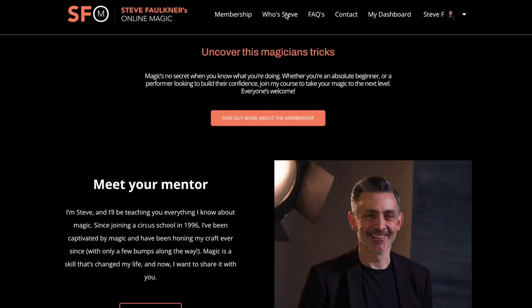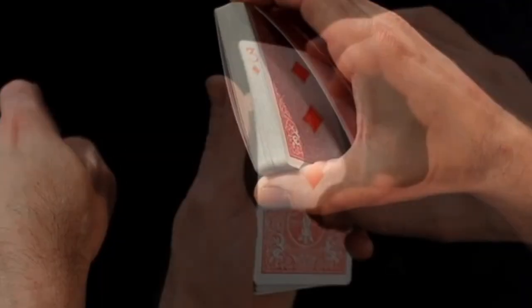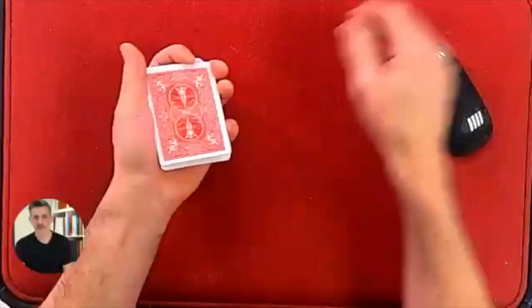Last night we had a session from Mentalist Looch, which was absolutely brilliant. That will be uploaded onto the course. We've got some very special guests lined up, and I've just recorded the new Coin Magic course which will go on. You get all that for your membership of $9.99 a month, so check that out — it's well worth it. Have a look at the testimonials.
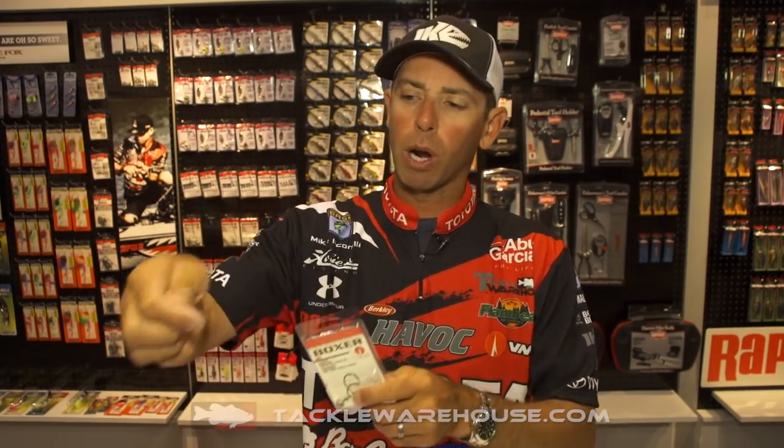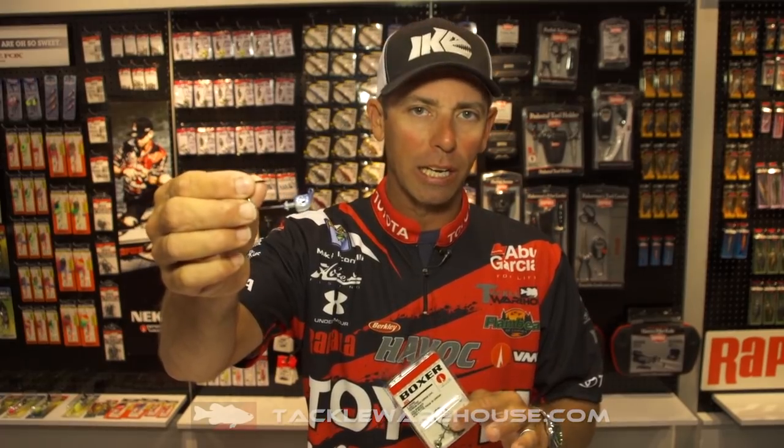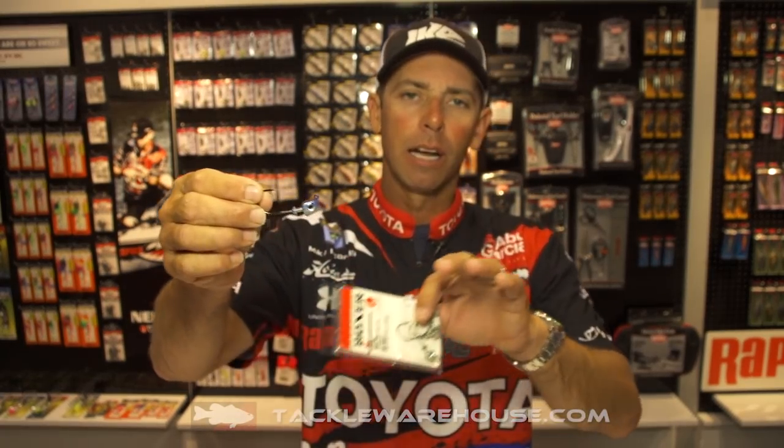Hey everybody, Mike Iaconelli, ICAST 2016, back here at the VMC booth. I want to tell you about an exciting new addition to the VMC Boxer Jig Head. This is one of my favorite swimbait jig heads — heavy duty hook on it, it jacks them.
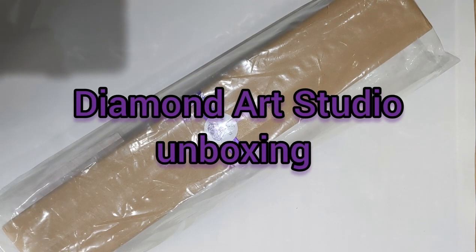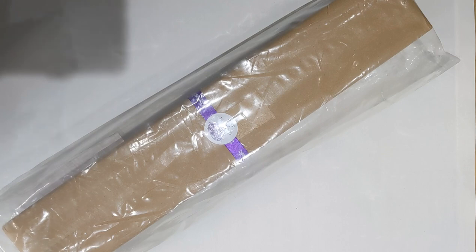Hey guys, welcome to my video. This is the first video I've ever done on YouTube or anything like that, so please bear with me. It's an unboxing video of a diamond painting from Diamond Art Studio.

WHAT IS BEING ASKED » If pictures appear in the data, omit them and copy all other parts exactly.

COMPLETED EXERCISE »
Last night we had a session from Mentalist Looch, which was absolutely brilliant. That will be uploaded onto the course. We've got some very special guests lined up, and I've just recorded the new Coin Magic course which will go on. You get all that for your membership of $9.99 a month, so check that out — it's well worth it. Have a look at the testimonials.
Hey everybody, Mike Iaconelli, ICAST 2016, back here at the VMC booth. I want to tell you about an exciting new addition to the VMC Boxer Jig Head. This is one of my favorite swimbait jig heads — heavy duty hook on it, it jacks them.
Hey guys, welcome to my video. This is the first video I've ever done on YouTube or anything like that, so please bear with me. It's an unboxing video of a diamond painting from Diamond Art Studio.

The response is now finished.